Data listing:
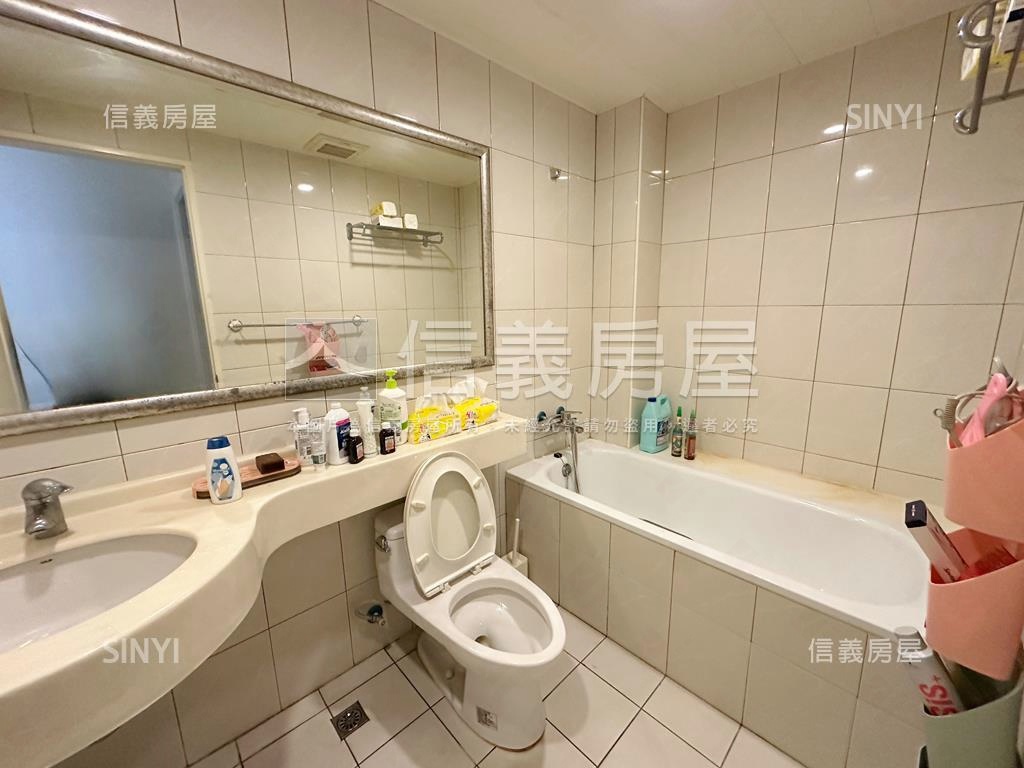 昇陽府中棧三房帶車位房屋室內格局與周邊環境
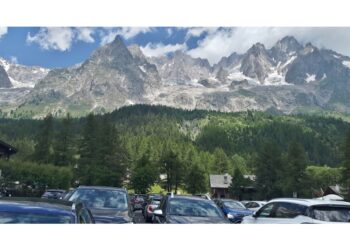 Chiusa una strada interpoderale in Val Ferret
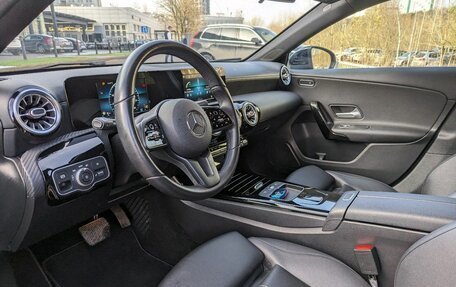 Mercedes-Benz A-Класс, 2020 год, 3 350 000 рублей, 10 фотография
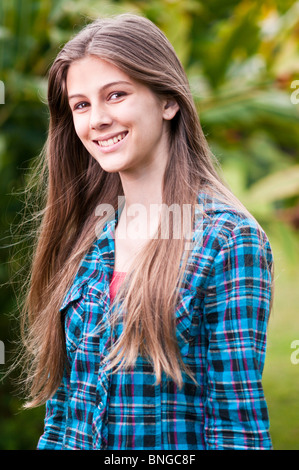 13 Jahre altes Mädchen Porträt, Kauai, Hawaii Stockfoto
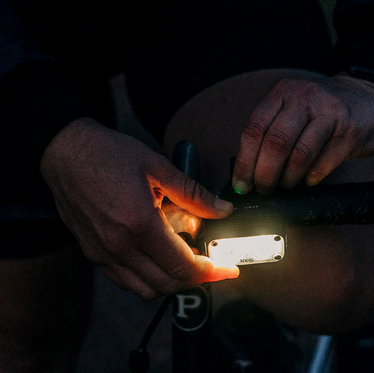 KNOG Blinder Road 400 & Blinder Mini Square Light Set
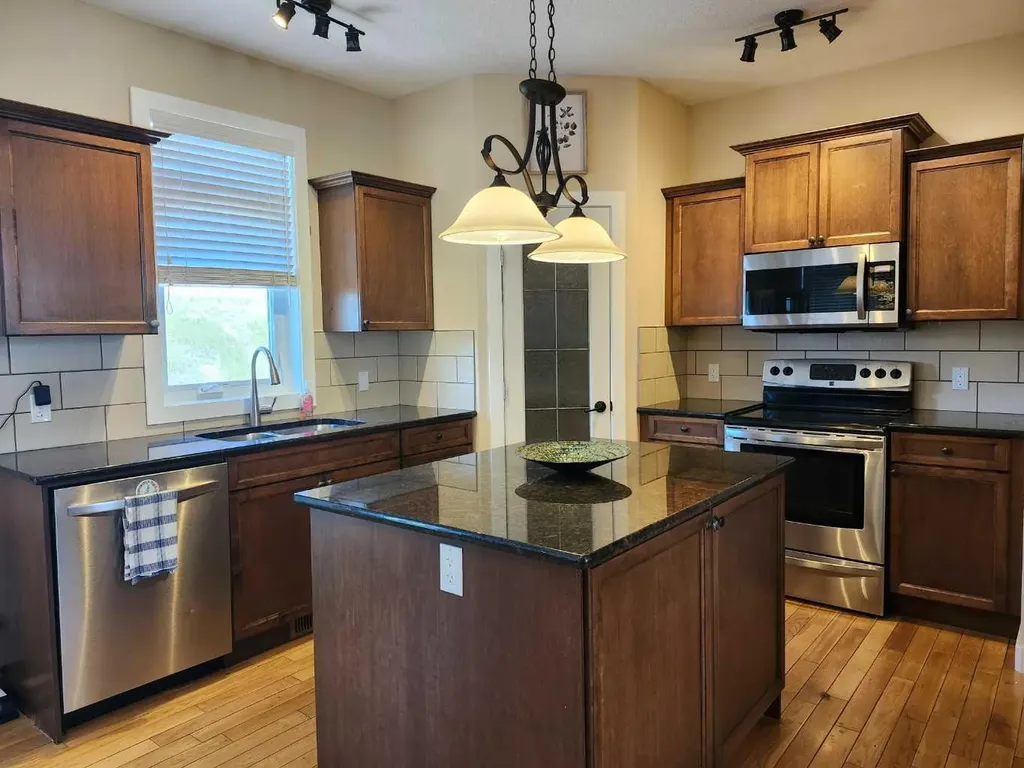 628 Bankview Drive Drumheller AB T0J0Y6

Problem statement: What you write should match, word for word, the lines from the one containing "KNOG Blinder Road" to the end of the listing, with both ends kept and the pictures left out.

Answer to this exercise:
 KNOG Blinder Road 400 & Blinder Mini Square Light Set
 628 Bankview Drive Drumheller AB T0J0Y6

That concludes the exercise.